As the leaders of Western Europe continue to surrender their countries to Islam – and to punish those who resist by trying to shut them up – one fact of which we've all been reminded is that Americans are very lucky indeed to have a First Amendment. Across Western Europe, citizens who are worried about Islamization express envy for America's free-speech protections. Meanwhile, American leftists who, unable to answer their opponents' arguments effectively, would prefer to be able to shut them down, tend increasingly to view the First Amendment as a thorn in their side.

Even many members of the Fourth Estate, whom you might expect to be vigorous First Amendment champions, are now taking on what they deride as an excessive attachment to free-speech rights. At the vanguard of this unholy crusade is the New York Times. On June 5, the Times ran an op-ed by Harvard Law professor Noah Feldman, who on several previous occasions has taken to its pages to defend sharia law. This time, Feldman argued against applying the First Amendment to social media on the grounds that it would “make it harder or even impossible for the platforms to limit fake news, online harassment and hate speech.”

The one good argument Feldman has on his side is that Facebook and Twitter are private companies with the right to ban whomever they wish. On the other hand, both of these platforms have become huge parts of the public square, not only in the U.S. but around the world. As for Feldman's reference to “hate speech,” it's a concept that has no proper place in American law and that is, by definition, in the eye of the beholder. On this score, Feldman failed to acknowledge that both firms are notorious for having banned (for example) users posting objective facts about Islam even as they allow terrorist groups to continue to employ their services.

But enough about Feldman.
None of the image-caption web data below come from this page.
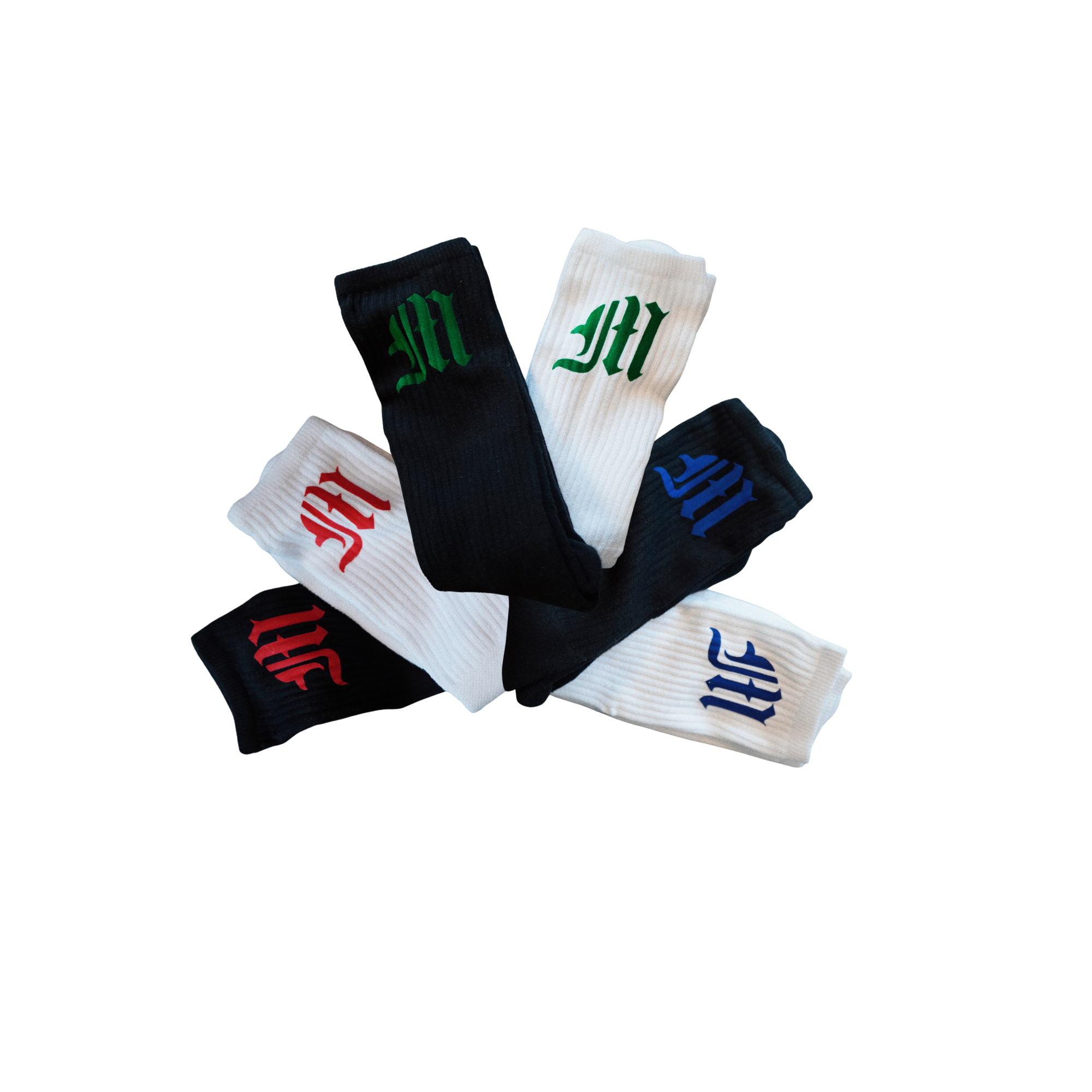 Magik Sport Sock - 2Pack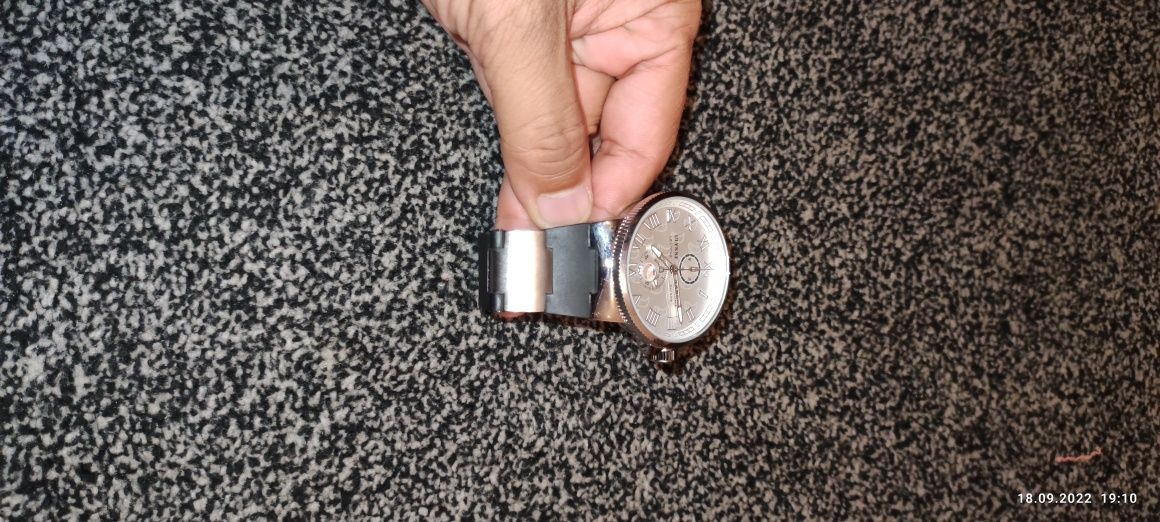 Ulysse Nardin Le Locle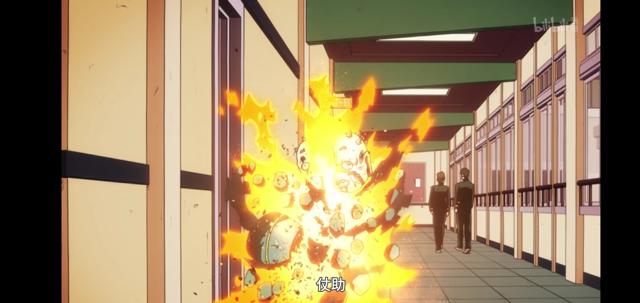 jojo历代主角团阵亡图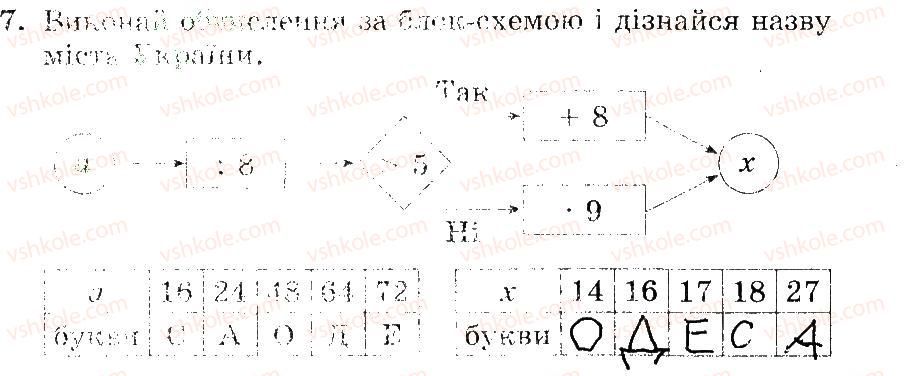 фото задание 7 - № 273-288 - № 257-509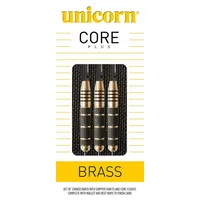 Unicorn Information System Unicorn Core Plus Brass, 19g,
More problematic than his op-ed was an article by Adam Liptak – which ran, note well, as a news story, not an opinion piece – that the increasingly senile Gray Lady published on July 1. The headline, “How Conservatives Weaponized the First Amendment” (on the front page of the Times's website, it read “How Free Speech Is Being Used as a Weapon by Conservatives”; in the print edition, it was “How Free Speech Was Weaponized By Conservatives”), drew on a June 25 comment by Supreme Court Justice Elena Kagan. When the Court, on First Amendment grounds, struck down a California law forcing pro-life “crisis pregnancy centers” to post information on their premises about where to get an abortion, Kagan complained in her dissent that conservatives were “weaponizing the First Amendment.”

Interesting turn of phrase. What it comes down to is the age-old sentiment that my speech should be protected but yours shouldn't. When I say something you don't like, I'm safeguarded by the First Amendment; if you say something I don't like, you're “weaponizing” that amendment. Coming from the likes of Elena Kagan, of course, the use of the word “weaponize” is especially priceless. Kagan is, after all, a perfect example of the kind of judge who, when she is out to justify practices she likes, is gifted at “discovering” in the Constitution rights that the Founders never put there and that nobody ever noticed before. In other words, she's an extremely loose constructionist. But when she sees her ideological opponents actually making use of their very clearly spelled-out First Amendment rights to say things she deplores, Kagan is eager to find some way to pretend that the First Amendment doesn't say what it quite explicitly says.